I would like to use Lambek-Moser theorem. While part of the work is hidden in the proof of the theorem, note that the proof is not difficult. It can be a high-school exercise. My main purpose is to highlight the part of the work that is a pure recipe for problems like this. Namely, we have an increasing function enumerating a subset of the natural numbers and we want to produce an enumeration for the complement.
Definition:
Call a pair of non-increasing function $f,g:\mathbb{N}\to\mathbb{N}$ a Galois connection when
$$f(m)\leq n\iff m\leq g(n)$$
They are like "inverses of each other with respect to inequalities".
Observation:
$$
\begin{align}
f(m)&=\min\{n:\ m\leq g(n)\}\\
g(n)&=\max\{m:\ f(m)\leq n\}
\end{align}
$$
Lambek-Moser theorem: $f,g:\mathbb{N}\to\mathbb{N}$ are a Galois connection if and only if
$$
\begin{align}
A&=\{f(m)+m:\ m\in\mathbb{N}\}\\
B&=\{g(n)+n+1:\ n\in\mathbb{N}\}
\end{align}
$$
partition $\mathbb{N}$.
Let $F(m)=m^2$. We would like to find increasing $G(n)$ such that their ranges partition $\mathbb{N}$. So, define $f(m)=F(m)-m=m^2-m$. The pronic numbers.

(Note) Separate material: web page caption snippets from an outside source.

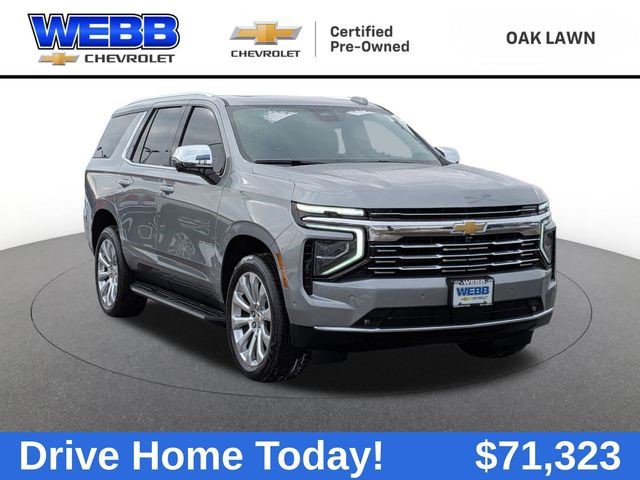 Certified 2025 Chevrolet Tahoe Premier w/ Sun And Tow Package image 1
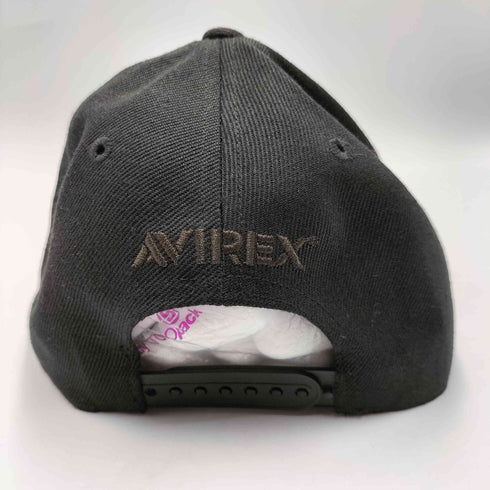 アヴィレックス AVIREX ACロゴ刺繍 BBキャップ メンズ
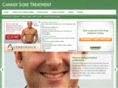 cankersoretreatment.com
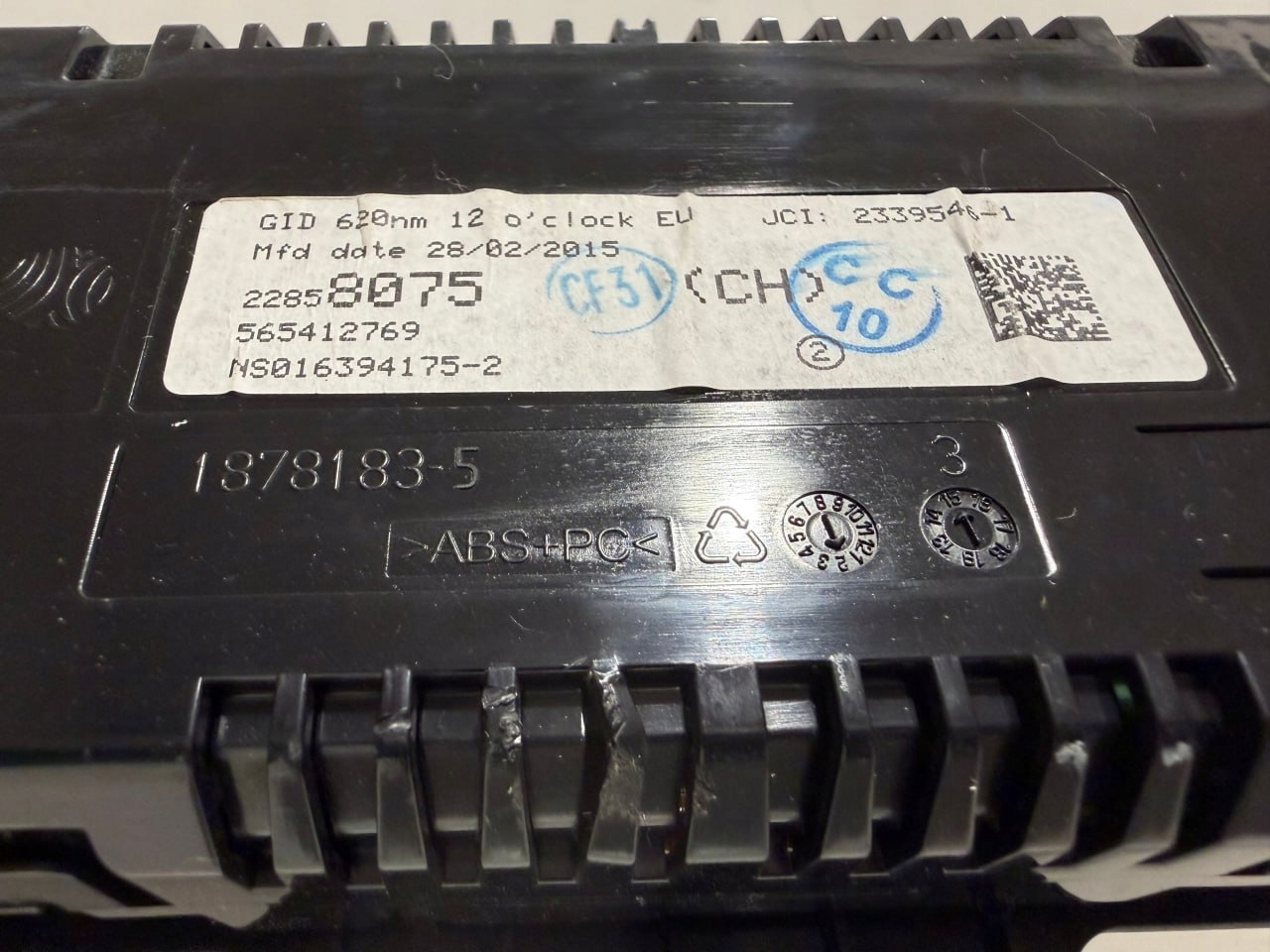 Wyświetlacz ekran Opel Zafira c 22858075 - zdjęcie 5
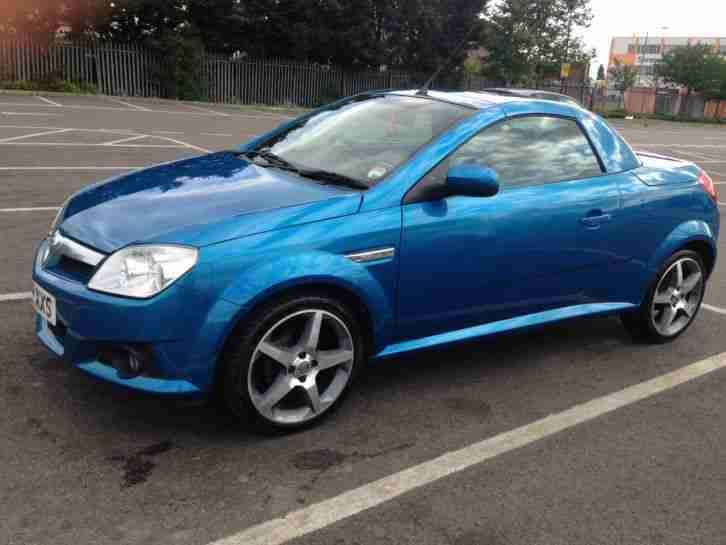 Vauxhall, TIGRA, Convertible, 2008, Manual, 1364 (cc), 2 doors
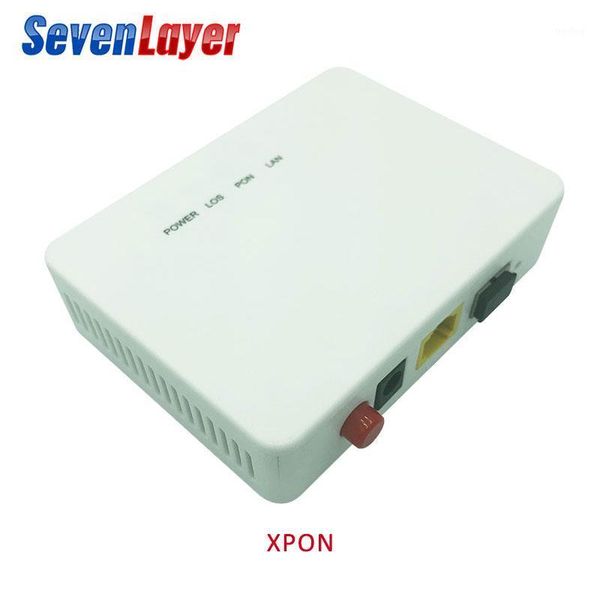 

fiber optic equipment 10pcs xpon onu ftto 1ge 1port ftth ont single lan port olt fttb zte chipset to home modem of service boxs cto1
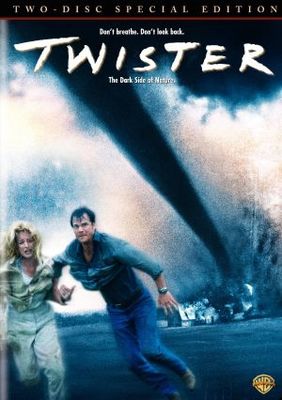 Twister movie poster (1996) wood print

We just need to compute the "inequality inverse" $g$ of $f$, and that would give $G(n)=g(n)+n+1$, by Lambek-Moser. Already the observation is giving an explicit formula
$$G(n)=\max\{m:\ f(m)\leq n\}+n+1$$
which can be made more explicit, by solving the inequality
$$m^2-m=f(m)\leq n$$
This is quadratic with solution
$$\frac{-\sqrt{4 n + 1} + 1}{2}\leq m\leq\frac{\sqrt{4 n + 1} + 1}{2}$$
So, $g(n)=\left\lfloor\frac{\sqrt{4 n + 1} + 1}{2}\right\rfloor$ and
$$G(n)=\left\lfloor\frac{\sqrt{4 n + 1} + 1}{2}\right\rfloor+n+1=\left\lfloor\sqrt{n+1/4}+1/2\right\rfloor+n+1$$
Recall that $\lfloor x+1/2\rfloor$ gives the closest integer (rounding up in the equal distance case), and that here we count starting from $n=0$, while in your case you start from $n=1$, and you get your formula.